Reciprocal Rank Fusion (RRF) combines multiple retrieval strategies by combining their result lists rather than their scores directly.

Why score normalization fails: Different retrieval methods produce scores on incompatible scales. Dense retrieval might output values between 0.5 and 0.9, while BM25 outputs values between 0 and 50. Naive score averaging produces unpredictable weighting.

RRF formula: score(d) = Σ(1 / (k + rank_i(d))) where k is a constant (typically 60) and rank_i is the position of document d in list i.

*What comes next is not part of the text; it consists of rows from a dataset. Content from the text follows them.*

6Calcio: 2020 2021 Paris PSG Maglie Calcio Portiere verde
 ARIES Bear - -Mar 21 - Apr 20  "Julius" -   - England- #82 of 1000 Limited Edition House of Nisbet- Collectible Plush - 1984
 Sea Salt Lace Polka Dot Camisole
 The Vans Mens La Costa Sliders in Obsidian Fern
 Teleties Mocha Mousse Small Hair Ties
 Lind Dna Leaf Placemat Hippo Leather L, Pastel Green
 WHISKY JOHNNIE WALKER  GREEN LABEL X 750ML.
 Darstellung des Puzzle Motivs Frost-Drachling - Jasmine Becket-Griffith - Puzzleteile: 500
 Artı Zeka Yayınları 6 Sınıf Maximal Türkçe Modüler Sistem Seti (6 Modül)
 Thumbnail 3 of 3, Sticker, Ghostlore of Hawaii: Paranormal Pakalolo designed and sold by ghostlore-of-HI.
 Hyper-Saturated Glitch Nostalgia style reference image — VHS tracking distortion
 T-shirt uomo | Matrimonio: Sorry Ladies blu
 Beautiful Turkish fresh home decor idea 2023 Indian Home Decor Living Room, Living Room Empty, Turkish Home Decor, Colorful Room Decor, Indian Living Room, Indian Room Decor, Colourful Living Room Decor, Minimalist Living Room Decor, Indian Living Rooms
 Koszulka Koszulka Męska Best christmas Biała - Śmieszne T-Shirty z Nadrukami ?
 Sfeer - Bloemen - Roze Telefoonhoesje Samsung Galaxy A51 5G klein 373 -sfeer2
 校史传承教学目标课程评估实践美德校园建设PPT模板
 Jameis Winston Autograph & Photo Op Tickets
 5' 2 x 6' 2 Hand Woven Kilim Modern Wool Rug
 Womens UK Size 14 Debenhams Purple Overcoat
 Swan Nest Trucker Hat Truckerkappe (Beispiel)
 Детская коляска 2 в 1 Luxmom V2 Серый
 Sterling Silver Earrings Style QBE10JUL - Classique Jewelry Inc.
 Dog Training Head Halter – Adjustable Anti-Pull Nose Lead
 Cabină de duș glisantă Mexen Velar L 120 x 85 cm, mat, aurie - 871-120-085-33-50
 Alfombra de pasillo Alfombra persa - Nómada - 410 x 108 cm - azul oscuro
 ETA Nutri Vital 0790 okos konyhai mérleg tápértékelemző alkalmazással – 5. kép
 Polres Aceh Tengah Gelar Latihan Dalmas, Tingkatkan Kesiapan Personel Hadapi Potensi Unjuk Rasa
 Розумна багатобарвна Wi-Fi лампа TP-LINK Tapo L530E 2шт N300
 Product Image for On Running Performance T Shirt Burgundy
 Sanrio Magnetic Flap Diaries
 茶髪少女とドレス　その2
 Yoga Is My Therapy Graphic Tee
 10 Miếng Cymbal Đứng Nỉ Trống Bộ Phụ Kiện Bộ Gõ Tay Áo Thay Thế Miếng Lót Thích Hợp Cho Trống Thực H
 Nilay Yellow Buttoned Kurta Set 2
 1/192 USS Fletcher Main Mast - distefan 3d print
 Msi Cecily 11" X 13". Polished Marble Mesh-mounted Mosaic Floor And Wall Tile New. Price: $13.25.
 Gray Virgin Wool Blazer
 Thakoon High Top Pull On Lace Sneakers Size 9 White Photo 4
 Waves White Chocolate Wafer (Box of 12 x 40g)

def reciprocal_rank_fusion(results_by_strategy: List[List[dict]], k: int = 60) -> List[dict]:
    """
    Fuse multiple retrieval result lists using RRF.
    
    Args:
        results_by_strategy: List of ranked result lists from different strategies
        k: Constant controlling contribution of lower-ranked results
    
    Returns:
        Fused results sorted by RRF score
    """
    doc_scores = defaultdict(float)
    doc_metadata = {}
    
    for strategy_results in results_by_strategy:
        for rank, result in enumerate(strategy_results, start=1):
            doc_id = result.get('doc_id', result.get('index', rank))
            # RRF contribution
            doc_scores[doc_id] += 1 / (k + rank)
            # Preserve metadata from first occurrence
            if doc_id not in doc_metadata:
                doc_metadata[doc_id] = result
    
    # Sort by fused score
    sorted_docs = sorted(doc_scores.items(), key=lambda x: x[1], reverse=True)
    
    fused_results = []
    for doc_id, score in sorted_docs:
        result = doc_metadata[doc_id].copy()
        result['rrf_score'] = score
        result['doc_id'] = doc_id
        fused_results.append(result)
    
    return fused_results

# Usage example
dense_results = dense_retriever.search(query, top_k=100)
sparse_results = bm25_retriever.search(query, top_k=100)

fused = reciprocal_rank_fusion([dense_results, sparse_results])

Local verification checkpoint

Run the smallest example from this chapter in a local workspace and record the package version, runtime, data path, and observed output. If the result depends on model size, vector count, CPU/GPU backend, or available memory, note that constraint beside the exercise so the lesson remains reproducible.